– Идемте! – шепнула Оля и взяла меня под руку.
Мы спустились вниз по террасе… Ночь была тихая, светлая… Звуки рояля, шёпот темных деревьев, трещанье кузнечиков ласкали слух; внизу тихо плескалось море.
Оля едва шла… Ноги ее подгибались и путались в тяжелом платье. Она дрожала и со страха жалась к моему плечу.
– Но ведь я же не виновата… – шептала она. – Клянусь вам, что я не виновата. Так угодно было папе… Он должен это понять… Опасно?
– Не знаю… Михаил Павлович сделал всё возможное. Он хороший доктор и любит Егорова… Мы подходим, Ольга Андреевна…
– Я… я не увижу ничего ужасного? Я боюсь… Я не могу видеть… И для чего это он вздумал?
Оля залилась слезами.
– Я не виновата… он должен был понять. Я ему объясню.
Мы подошли к беседке.
– Здесь, – сказал я.
Оля закрыла глаза и обеими руками ухватилась за меня.
– Я не могу…
– Не пугайтесь… Егоров, ты еще не умер? – крикнул я, обращаясь к беседке.
– Пока еще нет… А что?
У входа в беседку показался освещенный луною поручик, растрепанный, бледный от перепоя, с расстегнутым жилетом…
– А что? – повторил он.
Оля подняла голову и увидала Егорова… Она посмотрела на меня, потом на Егорова, потом опять на меня… Я засмеялся… Лицо ее просияло. Она вскрикнула от радости, сделала шаг вперед… Я думал, что она на нас рассердится… Но эта девочка не умела сердиться… Она сделала шаг вперед, подумала и бросилась к Егорову. Егоров быстро застегнул жилет и растопырил руки. Оля упала ему на грудь. Егоров засмеялся от удовольствия, повернул в сторону голову, чтоб не дышать на Олю, и забормотал какую-то чепуху.
– Вы не имеете права… Я не виновата, – залепетала Оля. – Так угодно папе, маме и т. д.
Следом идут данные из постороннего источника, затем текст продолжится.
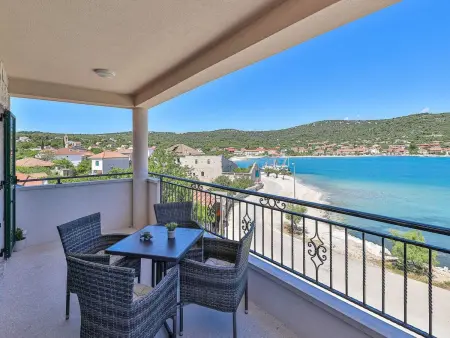Steinvilla am Strand Nina - EOS CROATIA, Maison 8 personnes à Vinišće - Photo 49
Я повернул назад и быстро зашагал к освещенному замку.
В замке между тем публика готовилась к поздравлению жениха и невесты и нетерпеливо поглядывала на часы… В передних толпились лакеи с подносами; на подносах стояли бутылки и бокалы. Чайхидзев нетерпеливо мял правую руку в левой и глазами искал Олю. Княгиня ходила по комнатам и искала Олю, чтоб дать ей наставление, как держать себя, что ответить матери и т. д. Наши улыбались.
– Не знаешь, где Оля? – спросила меня княгиня.
– Не знаю.
– Поди поищи.
Я сошел в сад и, заложив руки назад, обошел раза два вокруг дома. Наш художник заиграл на трубе. Это значило: «Держи, не выпускай!» Егоров отвечал из беседки криком совы. Это значило: «Хорошо! Держу!»
Походив немного, я вошел в дом. В передних лакеи поставили подносы на столы и, стоя с пустыми руками, тупо поглядывали на публику. Публика, в свою очередь, с недоумением поглядывала на часы, на которых большая стрелка показывала уже четверть. Рояли замолкли. Во всех комнатах царила глубокая, томительная, глухая тишина.